TASK REQUIREMENTS> Repeat exactly the lines of the material below that run from the "Outperform Training and" line to the "Nmet na koniec" line, including both, and do not carry over any pictures.
== DATASET ENTRIES
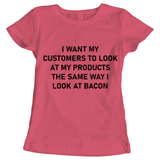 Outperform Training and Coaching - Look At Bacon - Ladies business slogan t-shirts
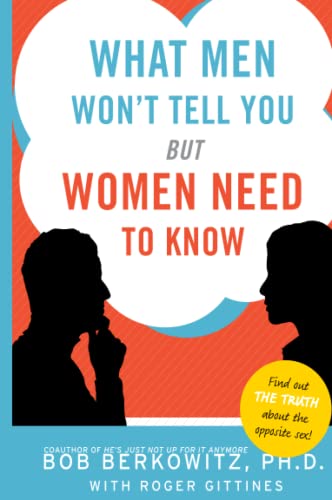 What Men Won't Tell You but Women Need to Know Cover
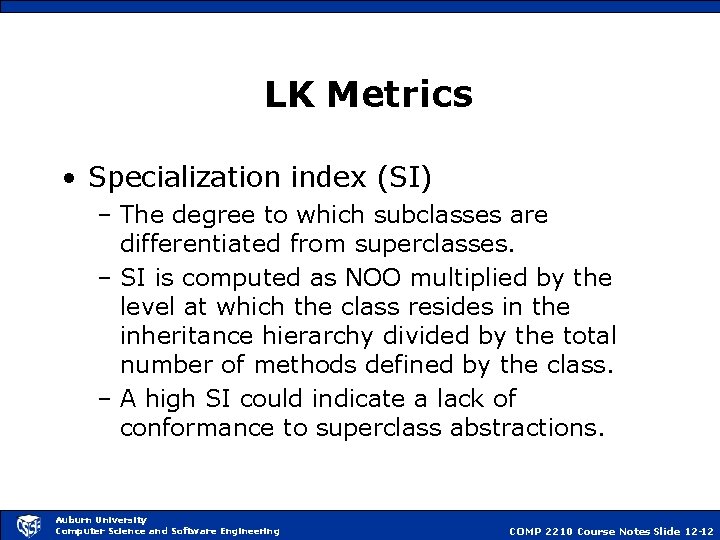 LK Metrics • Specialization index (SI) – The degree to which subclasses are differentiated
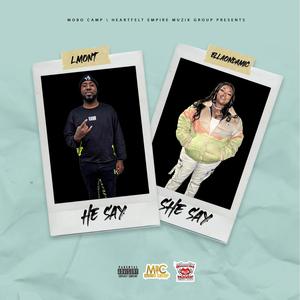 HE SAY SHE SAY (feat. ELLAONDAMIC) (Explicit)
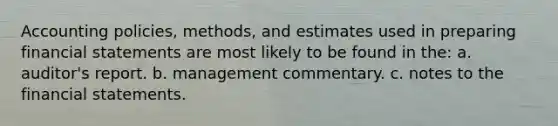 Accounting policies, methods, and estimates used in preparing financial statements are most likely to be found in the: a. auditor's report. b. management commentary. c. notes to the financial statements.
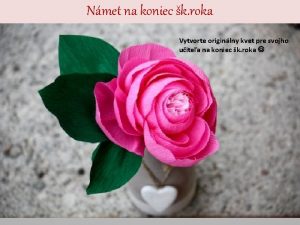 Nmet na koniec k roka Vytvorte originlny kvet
====
== DATASET ENTRIES
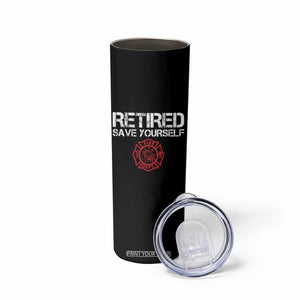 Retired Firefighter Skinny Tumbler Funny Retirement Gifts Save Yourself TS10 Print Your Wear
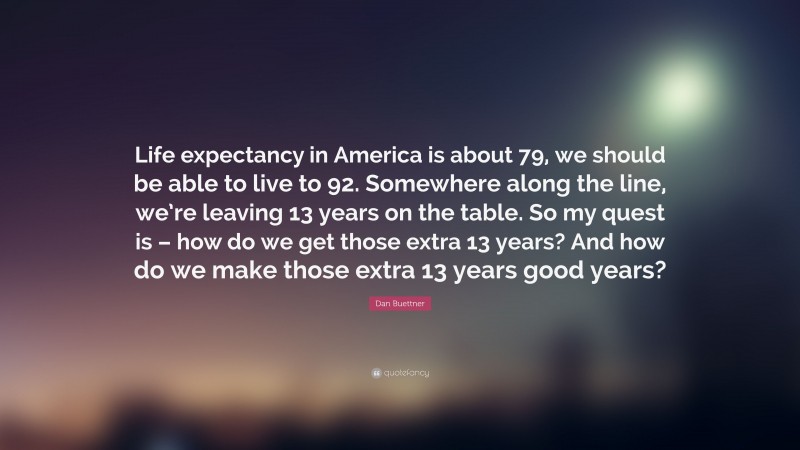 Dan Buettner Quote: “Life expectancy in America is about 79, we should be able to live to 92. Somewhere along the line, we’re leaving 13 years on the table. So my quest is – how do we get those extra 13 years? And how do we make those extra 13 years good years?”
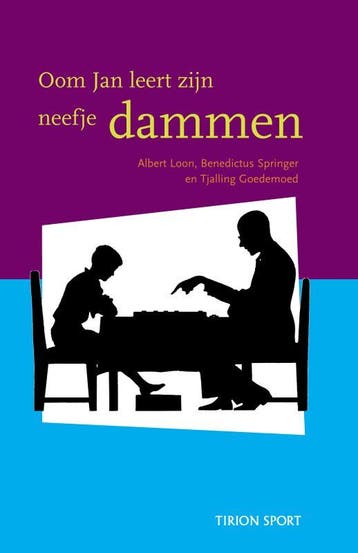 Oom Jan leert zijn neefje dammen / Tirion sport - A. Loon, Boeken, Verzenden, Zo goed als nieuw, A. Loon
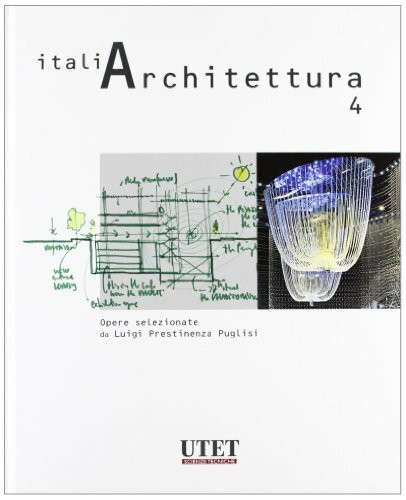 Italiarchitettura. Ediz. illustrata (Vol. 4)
====
YOUR SOLUTION>
 Outperform Training and Coaching - Look At Bacon - Ladies business slogan t-shirts
 What Men Won't Tell You but Women Need to Know Cover
 LK Metrics • Specialization index (SI) – The degree to which subclasses are differentiated
 HE SAY SHE SAY (feat. ELLAONDAMIC) (Explicit)
 Accounting policies, methods, and estimates used in preparing financial statements are most likely to be found in the: a. auditor's report. b. management commentary. c. notes to the financial statements.
 Nmet na koniec k roka Vytvorte originlny kvet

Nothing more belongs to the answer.